The garden’s endowment relies on investments in the stock market, which has been taking massive hits since last fall. “Our investments have suffered as many people’s investments have and as many organizations who do have endowments have suffered,” said Johnson, explaining that donations are also down.
Although no one from the garden discussed financial details, others have told The Independent that the endowment was once at $20 million, but has quickly shrunk to $8 million. These sources claim that while the tumbling market certainly has hurt the endowment, the fund has also taken a hit due to ongoing legal fees associated with the garden’s lawsuit against the County of Santa Barbara, which stopped work on a terracing project in an historic area; as well as legal, design, and public relations costs associated with the garden’s ongoing “Vital Mission Plan”, which is weaving its way through the county approval process. Johnson, however, denied that the Vital Mission Plan played a role in the layoffs.
Although these were perhaps the garden’s first ever layoffs, Johnson said that there were some cuts earlier this year in the form of “salary rollbacks.” When asked about possible future cuts, Johnson explained, “We don’t know where any of this is going to lead in terms of the economy. No one has a crystal ball. Hopefully not, but this all caught us by surprise, I think.”

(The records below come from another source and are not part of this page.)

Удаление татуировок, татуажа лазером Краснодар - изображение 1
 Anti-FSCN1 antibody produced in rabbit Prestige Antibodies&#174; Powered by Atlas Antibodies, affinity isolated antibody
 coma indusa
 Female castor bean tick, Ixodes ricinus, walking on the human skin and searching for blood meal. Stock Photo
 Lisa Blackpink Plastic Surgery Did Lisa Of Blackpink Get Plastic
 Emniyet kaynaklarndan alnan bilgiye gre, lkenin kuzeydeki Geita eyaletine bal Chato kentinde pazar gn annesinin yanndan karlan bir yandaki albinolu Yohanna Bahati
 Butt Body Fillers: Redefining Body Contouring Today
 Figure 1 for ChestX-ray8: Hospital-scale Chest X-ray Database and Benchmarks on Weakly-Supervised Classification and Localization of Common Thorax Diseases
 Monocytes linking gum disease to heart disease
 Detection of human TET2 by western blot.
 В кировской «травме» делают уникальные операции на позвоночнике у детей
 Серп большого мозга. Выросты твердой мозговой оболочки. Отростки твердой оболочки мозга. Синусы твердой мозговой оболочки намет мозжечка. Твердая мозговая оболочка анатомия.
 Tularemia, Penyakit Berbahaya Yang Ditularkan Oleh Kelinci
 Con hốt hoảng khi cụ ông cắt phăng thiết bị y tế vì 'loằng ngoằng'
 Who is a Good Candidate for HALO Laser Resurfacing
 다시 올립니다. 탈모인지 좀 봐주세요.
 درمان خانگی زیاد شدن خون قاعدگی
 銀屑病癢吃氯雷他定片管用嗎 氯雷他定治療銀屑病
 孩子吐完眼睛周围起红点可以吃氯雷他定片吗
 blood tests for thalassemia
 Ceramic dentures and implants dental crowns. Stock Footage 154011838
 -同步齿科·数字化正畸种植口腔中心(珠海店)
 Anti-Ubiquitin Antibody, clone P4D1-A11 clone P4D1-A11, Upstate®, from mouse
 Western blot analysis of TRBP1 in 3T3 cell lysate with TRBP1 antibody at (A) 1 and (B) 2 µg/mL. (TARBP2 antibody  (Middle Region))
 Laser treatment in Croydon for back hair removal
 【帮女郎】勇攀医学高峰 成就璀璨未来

A post on Edhat.com on Wednesday reported that the Botanic Garden’s volunteers had decided to take a 30-day break from working at the garden. Johnson had heard as much “through the grapevine,” but had not been presented any official declaration by the volunteers. “The volunteers have not come to us and made any statement,” she explained. “We hope that’s not the case. We very much value our volunteers and we hope they can understand our situation and continue their fine work here. We do appreciate them very much.”